TENGGARONG – Setelah enam hari berlangsung meriah, IRMA Ramadhan Fair 2025 resmi ditutup pada Kamis malam, 27 Maret 2025. Gelaran yang dipusatkan di halaman Masjid Agung Sultan Aji Muhammad Sulaiman, Tenggarong, ini meninggalkan kesan mendalam bagi masyarakat dan peserta, sekaligus mencatatkan kesuksesan sebagai salah satu agenda tahunan yang paling ditunggu-tunggu di Kutai Kartanegara (Kukar).

Mengusung konsep yang sarat nilai keislaman, IRMA Ramadhan Fair tak hanya menyemarakkan suasana Ramadan, tetapi juga menjadi wadah ekspresi dan kreativitas bagi ratusan peserta dari berbagai usia. Acara ini merupakan hasil kerjasama antara Dinas Pariwisata (Dispar) Kukar dan IRMA Masjid Agung, yang konsisten diadakan tiap bulan Ramadan.

Pelaksana tugas (Plt) Kepala Bidang Pemasaran Dispar Kukar, Ahmad Ivan, menyampaikan apresiasi atas antusiasme masyarakat yang tinggi dan mengumumkan rencana pengembangan kegiatan ke depan.
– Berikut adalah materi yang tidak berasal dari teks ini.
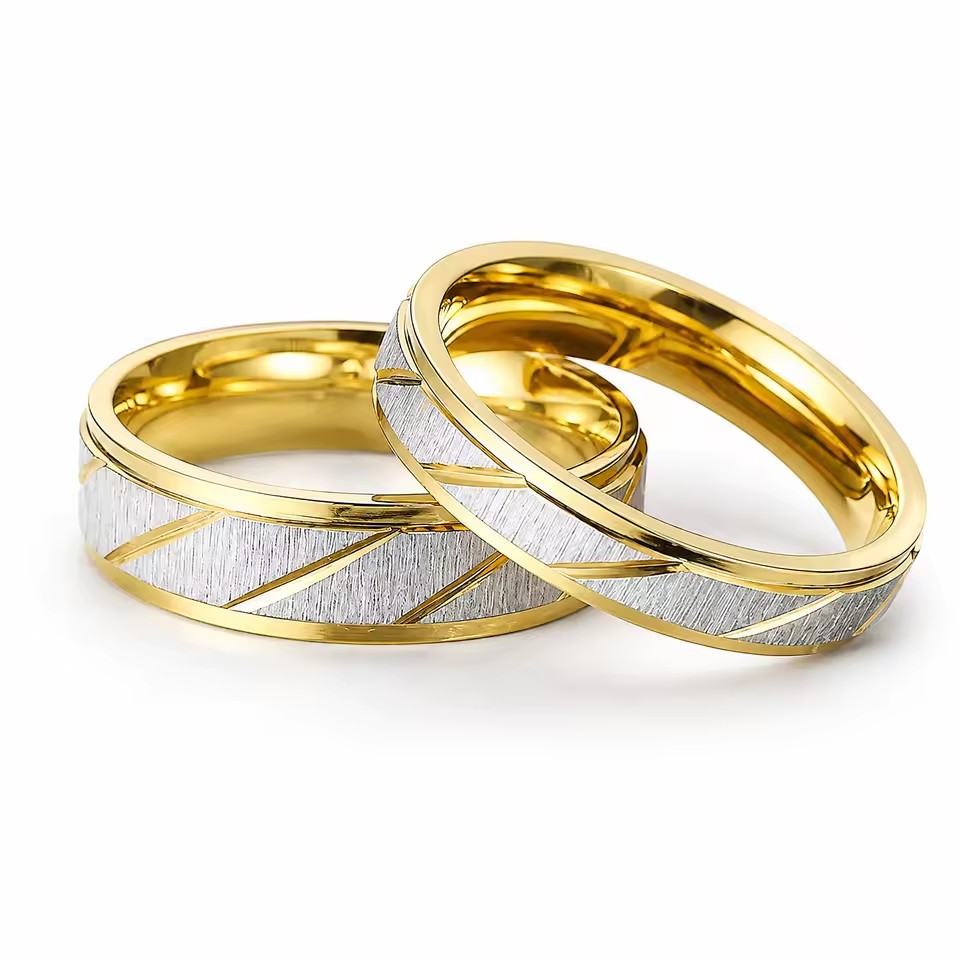Exquisite Luxurious Stainless Steel Trendy Diagonal Pattern 18K Gold-plated Couple's Horizontal Matte Matching Ring Daily
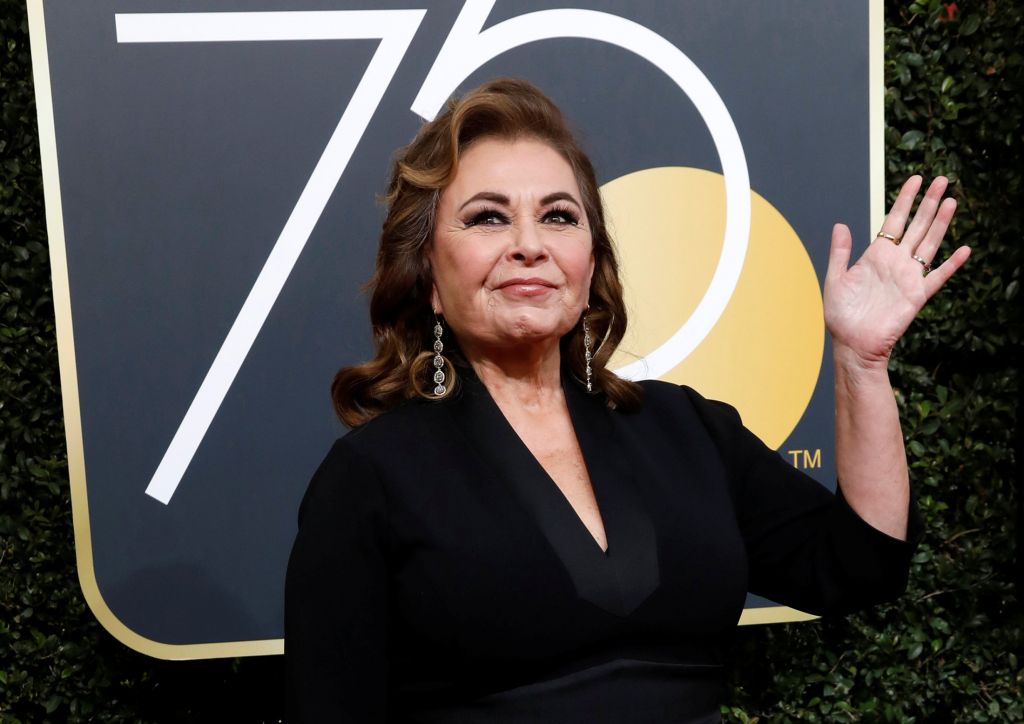 Κόπηκε η σειρά Roseanne μετά το ρατσιστικό tweet της Ροζάν Μπαρ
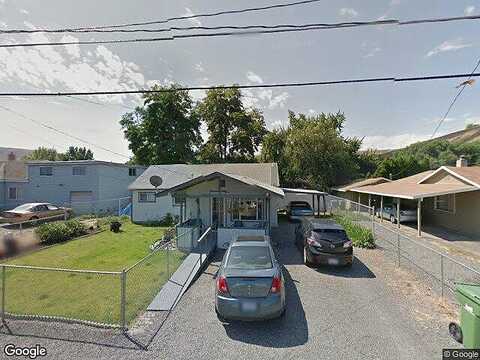 Valleyview, SELAH, WA 98942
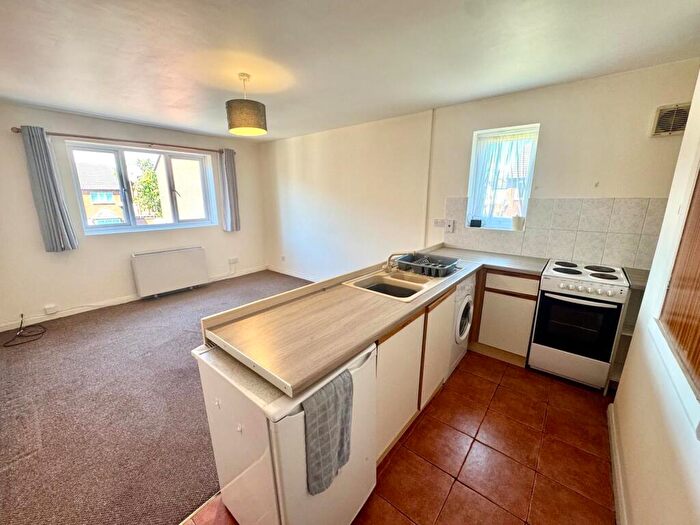 1 Bedroom Flat To Rent In Orchard Street, Long Eaton, NG10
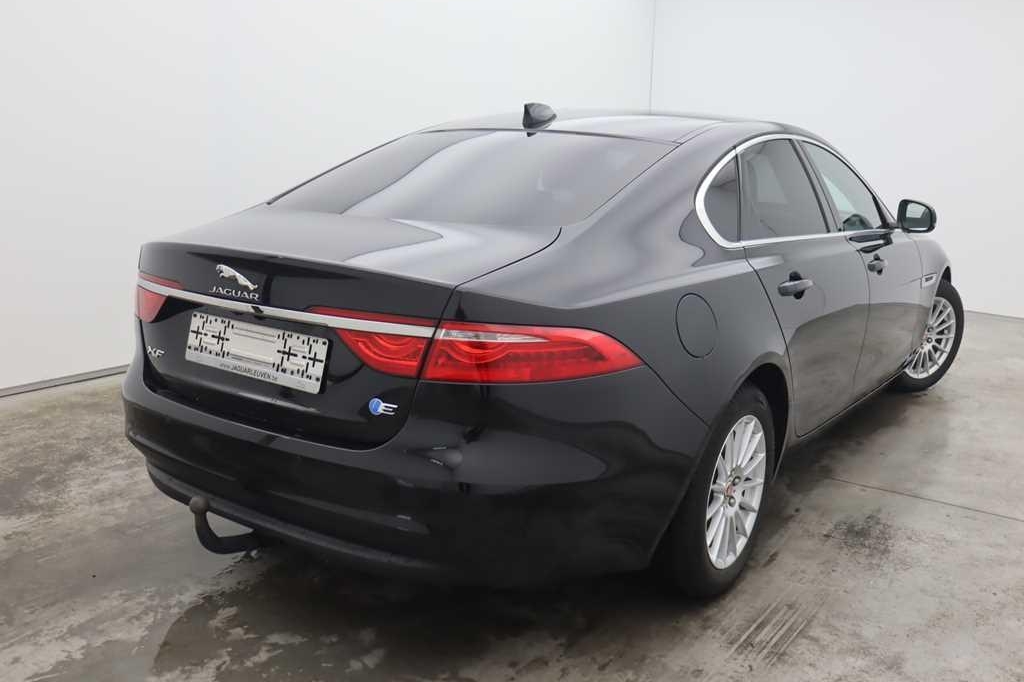 Jaguar XF 2017 фото 3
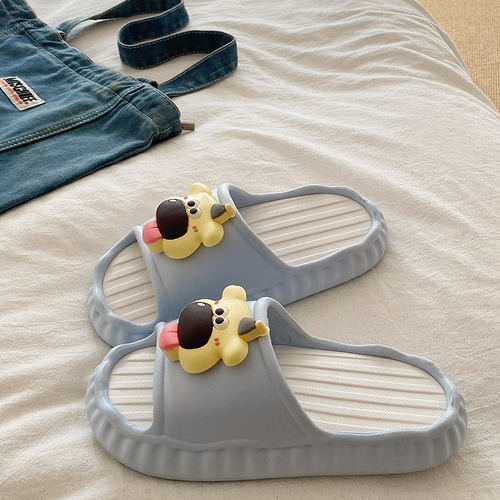 拖鞋女夏季新款厚底防滑学生宿舍卡通帽子长舌狗外穿踩屎感凉拖鞋 - 图0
“Melalui penandatanganan MoU bersama Badan Pelaksana Masjid Agung, kami berkomitmen untuk menyelenggarakan IRMA Ramadhan Fair hingga tiga tahun ke depan. Pada 2026, kami menargetkan partisipasi dari seluruh 20 kecamatan di Kukar untuk mengikuti seluruh kategori lomba,” ujarnya.
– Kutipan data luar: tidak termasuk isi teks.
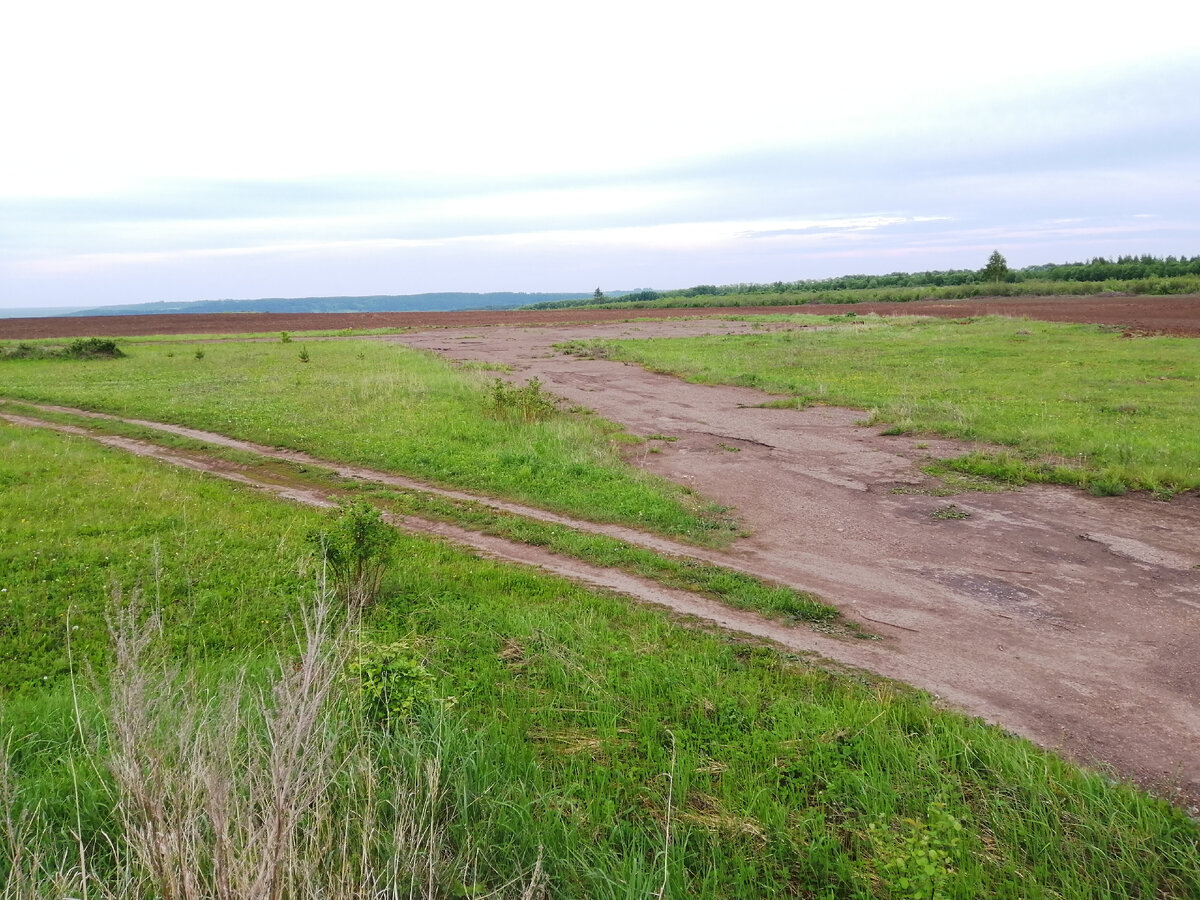 К взлетной полосе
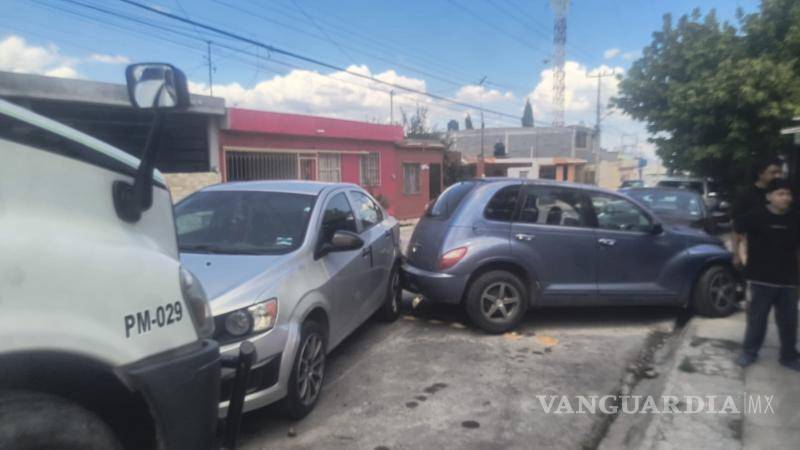 $!Autoridades municipales acudieron al sitio para tomar conocimiento del accidente.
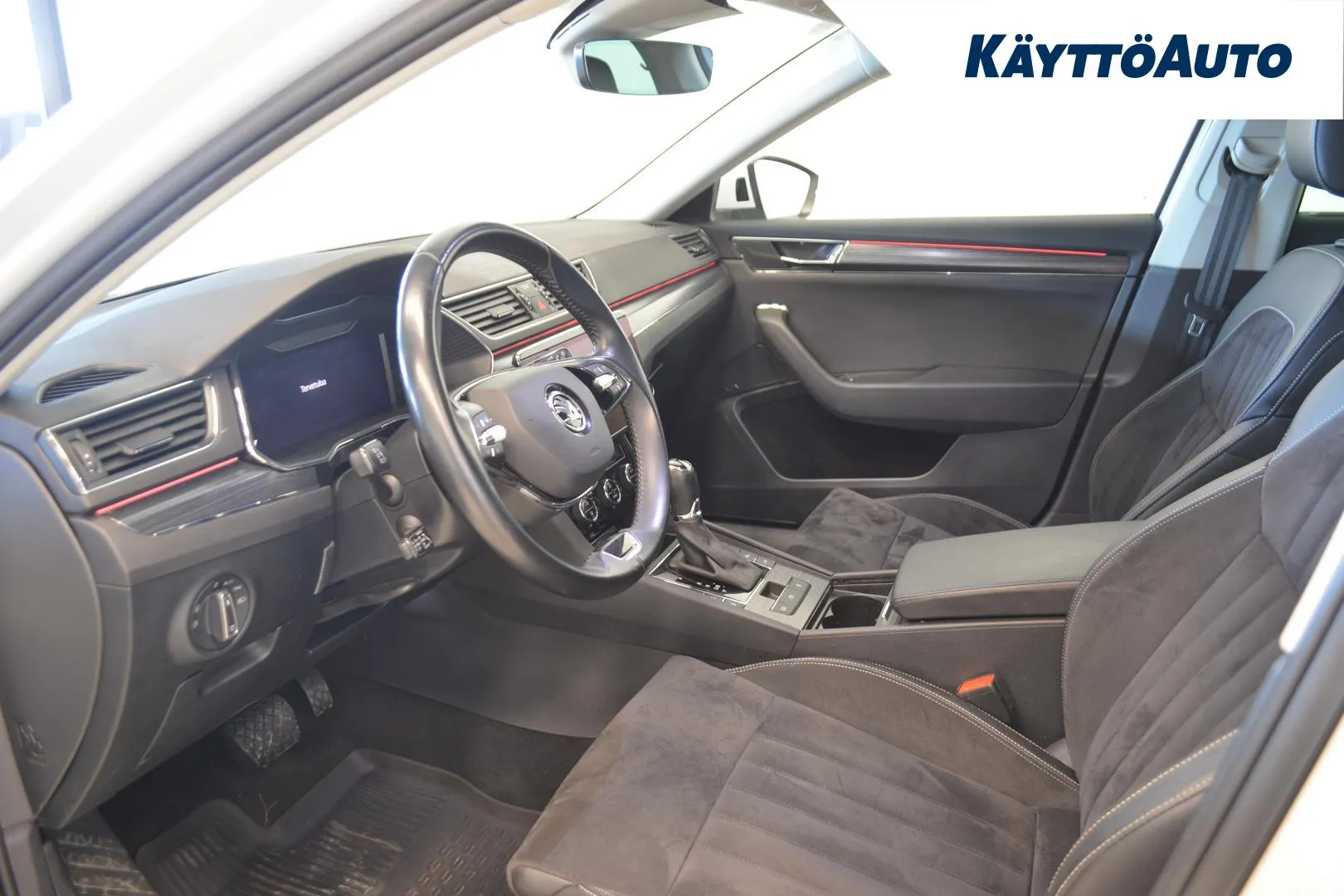 SKODA Superb CPC-871 carousel image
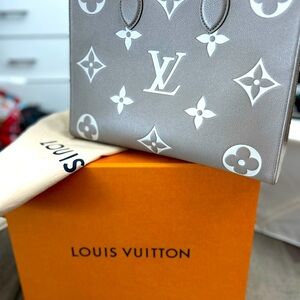 Like new LV tote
Tahun ini, IRMA Ramadhan Fair menampilkan lebih dari 10 kategori lomba, yang diikuti oleh ratusan peserta. Salah satu highlight acara adalah Lomba Begerekan Sahur, yang memperebutkan Piala Bergilir Bupati Kukar. Tim Sri Muntai berhasil keluar sebagai juara pertama, disusul oleh Three Al Zafaga dan Al Bahasa di posisi kedua dan ketiga.

Di kategori Lomba Habsy, grup Al Fudhola Putri dari Kecamatan Tabang meraih juara tingkat kecamatan, sementara Annida Putra dari MA PPKP Ribathul Khail dinobatkan sebagai juara tingkat pelajar.

Lomba Fashion Show juga mencuri perhatian, dengan tiga juara dari masing-masing kategori usia: Ashyfa Aurora (anak), Nayla Latisya (remaja), dan Sofi Mutaiara Dewi (dewasa).

Sementara itu, Lomba Anak Sholeh menampilkan bakat-bakat muda yang luar biasa, seperti Ilmi, M. Abdul Rasyid, dan M. Dzaki Nur, yang berhasil menjadi juara di kategori usia A, B, dan C.

Dari kategori videografi, karya digital Muhammad Ardinanda dan Achmad Rosyid Al Adha berhasil memikat perhatian juri dan penonton, menjadikan mereka juara di Lomba Videografi dan Video Promosi.

Lomba Adzan dimenangkan oleh M. Adlan Rajana Bahri (tingkat SD/MI) dan M. Akmal Riyadi (tingkat SMA/MA). Di ajang Ranking 1 Islami, Affan Mukti Faeyza Kamil berhasil menyabet juara, sementara Adiba Khanza Humaira unggul dalam Lomba Mewarnai SD. Untuk Lomba Kreasi Booth, Booth 16 dinobatkan sebagai yang terbaik dari sisi estetika dan inovasi.

Menutup rangkaian acara, Ahmad Ivan menyampaikan rasa bangga dan apresiasinya. “Selamat kepada seluruh peserta dan pemenang. Kalian semua luar biasa. Teruslah berkarya dan jadi inspirasi bagi generasi muda di Kukar. Sampai bertemu di IRMA Ramadhan Fair 2026 dengan semangat dan skala yang lebih besar,” pungkasnya.